Le Père Filippi, lui, parle des conditions dans lesquelles vivent les gens dans le nord de l’Ouganda: «Presque toute la population vit dans des camps de réfugiés, dont on ne peut sortir avant neuf heures du matin, dans lesquels on ne peut rentrer tard et dont on ne peut s’éloigner. Ceux qui le font, le font à leurs risques et périls, car leur sécurité n’est pas assurée. Dans ces conditions, aucune activité agricole n’est possible et les gens sont obligés de vivre de ce que distribuent les ONG. Et ce n’est malheureusement jamais suffisant. De plus, les conditions de vie dans ces camps sont, si c’est possible, pires que celles des camps de ce genre qui existent dans d’autres pays africains. Les grands camps, tout particulièrement, sont surpeuplés et invivables. Cette situation engendre la violence et la corruption. Les gens sont exaspérés et se disputent pour un rien. Il n’y a pas de chiffres officiels, mais, selon des sources dignes de foi, il y aurait mille morts par semaine, entre malaria, suicides et autres fléaux…». Certes, les combats pour l’instant ont cessé, de même que les migrations nocturnes, qui voyaient des masses de jeunes migrer chaque nuit – des kilomètres et des kilomètres à pied – pour trouver un abri auprès des missions ou dans les quelques centres habités qui sont sous le contrôle du gouvernement.

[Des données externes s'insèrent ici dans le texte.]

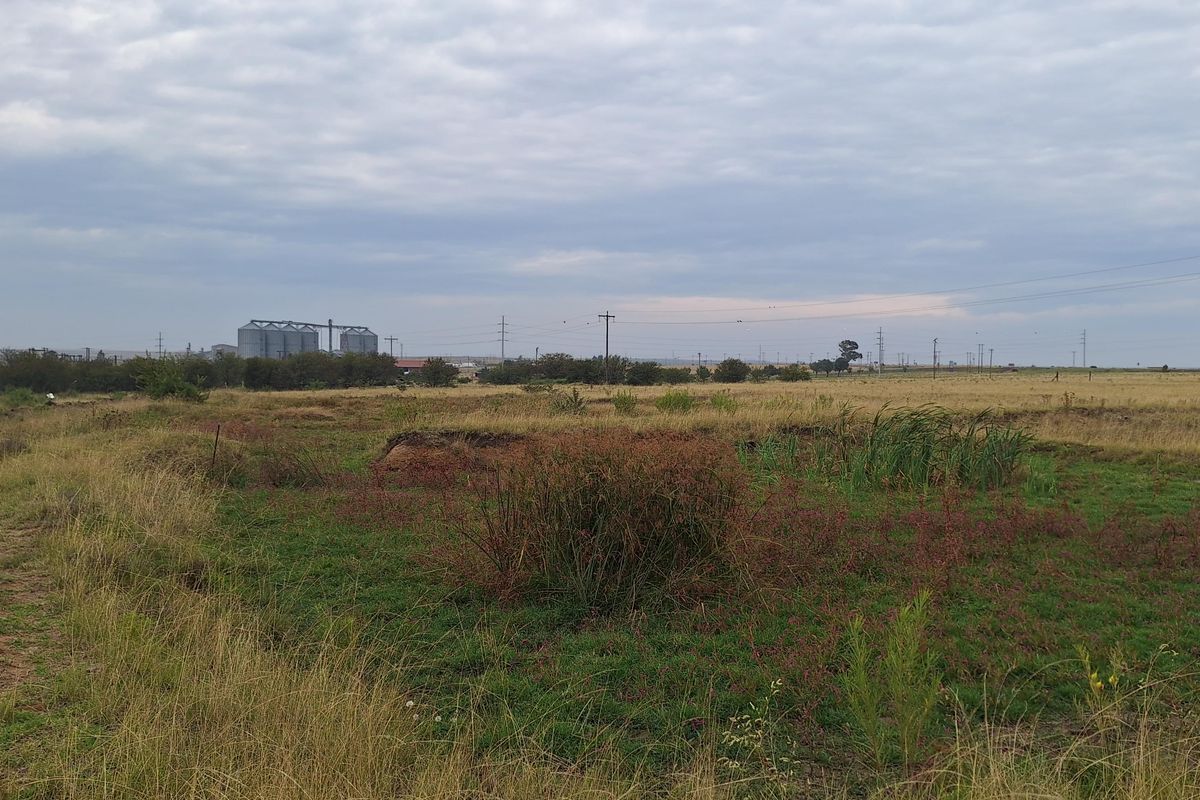 An expansive, undeveloped residential plot featuring natural grassland and distant industrial structures under an overcast sky.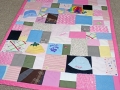 quilt made out of baby clothes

Mais tout est encore suspendu au fil d’une négociation exténuante et au mandat d’arrêt émis par un Tribunal qui devrait protéger les victimes mais qui risque, au contraire, d’aggraver leur situation déjà dramatique. «Les gens espèrent que cette fois sera la bonne», dit le père Filippi, «que l’on pourra finalement mettre fin à cette guerre, que les camps de réfugiés seront démantelés, que l’on pourra retourner chez soi, pour une vie nouvelle…». Nous l’espérons avec eux.